Nació el año 1568 cerca de Mantua, en Lombardía, hijo de los príncipes de Castiglione. Su madre lo educó cristianamente y muy pronto dio indicios de su inclinación a la vida religiosa: a los siete años, además de las oraciones matinales y vespertinas, comenzó a recitar el oficio de Nuestra Señora. La entrega a Dios, por manos de María, a tan temprana edad, y con tanto fervor y amor, llevó a su director espiritual, San Roberto Belarmino y a tres de sus confesores, que nunca, en toda su vida, cometió un pecado mortal[1]. Debido a su condición de perteneciente a la nobleza, debía presentarse con frecuencia en la corte del gran ducado, en donde, según un historiador, debía tratar con individuos que “formaban una sociedad para el fraude, el vicio, el crimen, el veneno y la lujuria en su peor especie”. Sin embargo, San Luis Gonzaga, en vez de sucumbir a la tentación de “ser uno más” en la perversión, degradándose en su hombría y en su condición de hijo de Dios, no solo se mantuvo en su estado de gracia, sino que lo acrecentó notablemente, “negándose a sí mismo” para “seguir a Cristo” día a día, por medio de la virtud y en la castidad.

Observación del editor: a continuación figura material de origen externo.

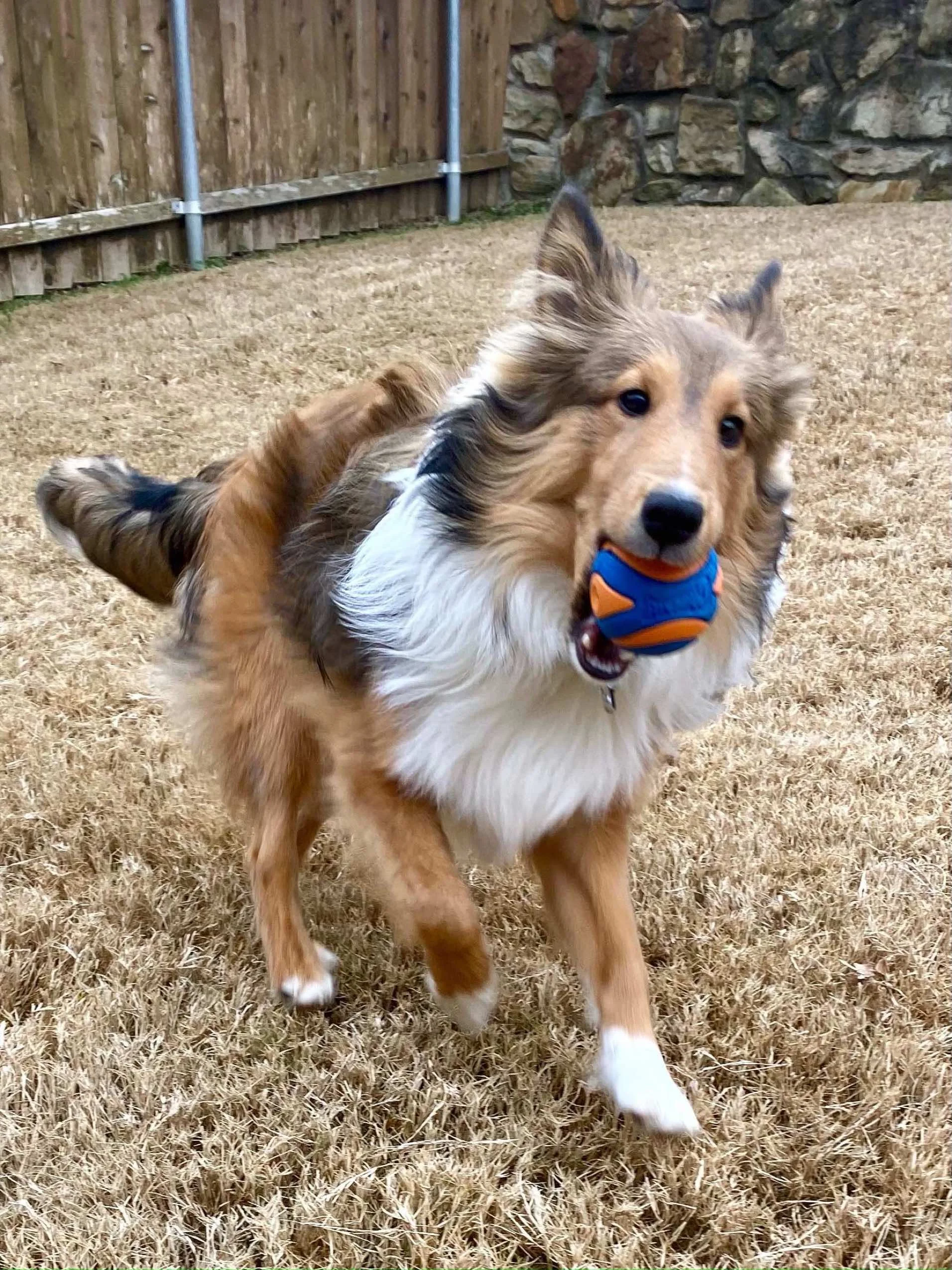 A happy shepherd dog running on a backyard grass lawn, holding a blue and orange ball in its mouth.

El círculo en el que se movía San Luis Gonzaga, lleno de perversión y lujuria, correspondería, en nuestros días, a los grupos de jóvenes que se intercambian videos eróticos por el sistema de mensajería instantánea, a través de los celulares: el santo no aceptaría ni siquiera pasivamente formar parte de ese grupo, es decir, no aceptaría formar parte de ese grupo ni siquiera con la condición de recibir dichos videos pero no compartirlos a su vez; lo que haría San Luis Gonzaga, sería directamente no formar parte del grupo. También evitaría las conversaciones y las bromas de doble sentido, puesto que constituyen la ocasión próxima para pecar mortalmente, sino son ya en sí mismas, pecado mortal.
San Luis Gonzaga, para no ceder a la tentación, se sometía voluntariamente a una rigurosa disciplina, realizando ayunos, rezando y pidiendo la gracia de la santa pureza, todo con el fin de no solo no pecar mortalmente, sino de imitar a Jesús, el Cordero Inmaculado, en su pureza, porque la pureza, tanto corporal como espiritual –es decir, la pureza de la fe-, es una expresión, en el alma humana, de la perfección del Ser trinitario de Dios, que es la Pureza en sí misma.

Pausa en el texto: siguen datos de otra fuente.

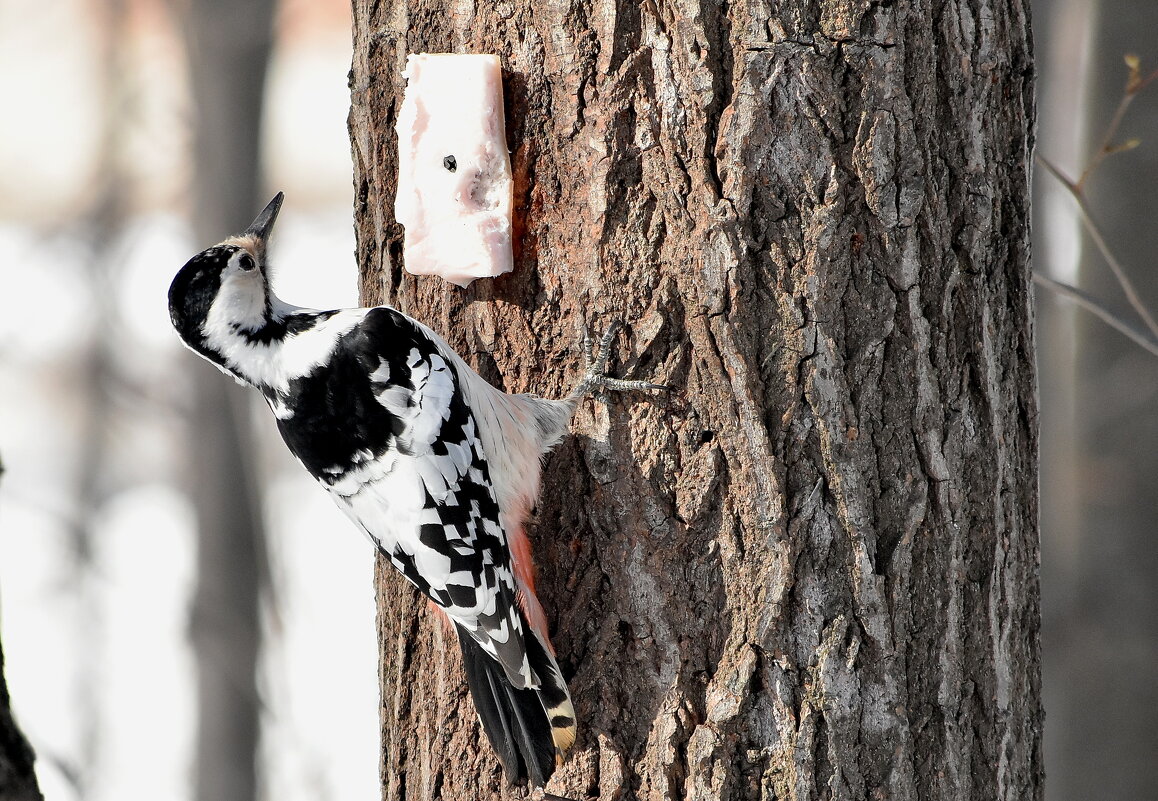 белоспинный дятел. - Алексей .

De esta manera, con su lucha ascética y mística por no solo combatir la tentación de la impureza, sino por imitar a Jesucristo en su pureza inmaculada, San Luis Gonzaga ofrece, a los jóvenes de nuestros días, el verdadero ejemplo del varón, porque es varón verdaderamente no quien se deja arrastrar por cuanta tentación se le cruce, sino que es varón –hombre viril-, quien, asistido por la gracia, tiene como horizonte de su alma imitar la pureza de cuerpo y alma de los Sagrados Corazones de Jesús y María.

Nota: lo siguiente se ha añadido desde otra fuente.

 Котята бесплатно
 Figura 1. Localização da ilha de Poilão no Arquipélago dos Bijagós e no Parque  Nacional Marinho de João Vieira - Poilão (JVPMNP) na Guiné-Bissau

San Luis Gonzaga es ejemplo también de caridad –amor sobrenatural- heroica al prójimo, y sobre todo al prójimo más necesitado, porque precisamente murió luego de contagiarse auxiliando a los afectados por una peste que asoló Roma en el año 1591. En nuestros días, en donde el individualismo más crudo, fruto del materialismo, el ateísmo, el hedonismo y el relativismo, se traducen en el egoísmo más desenfrenado, que lleva a la persona a pensar sólo en sí misma y a olvidarse de Dios y de su prójimo.
Por último, frente a la cultura de la muerte en la que vivimos hoy, mediante la cual se elimina la vida humana en sus inicios –aborto- y en su final –eutanasia, incluso para niños-, San Luis Gonzaga es ejemplo de cómo la muerte, sufrida en unión a Cristo Jesús, es sólo un umbral que conduce al Reino de los cielos, en donde espera una eternidad de gozo y alegría inimaginables, para quien muere en estado de gracia santificante. En efecto, nuestro santo les decía a quienes se apenaban por su estado de agonía: “Alegraos, Dios me llama después de tan breve lucha. No lloréis como muerto al que vivirá en la vida del mismo Dios. Pronto nos reuniremos para cantar las eternas misericordias”. Y en sus últimos momentos, no apartó ni por un instante su mirada de un pequeño crucifijo colgado ante su cama. El día de su muerte -anticipado por el mismo Luis, quien dijo que habría de morir antes que despuntara el alba del siguiente-, se verificó el siguiente diálogo entre San Luis Gonzaga y el padre provincial de los jesuitas, orden a la que pertenecía: “-¡Ya nos vamos, padre; ya nos vamos...! -¿A dónde, Luis? -¡Al Cielo! -¡Oigan a este joven! -exclamó el provincial- Habla de ir al cielo como nosotros hablamos de ir a Frascati (un poblado cercano, N. del R.)”.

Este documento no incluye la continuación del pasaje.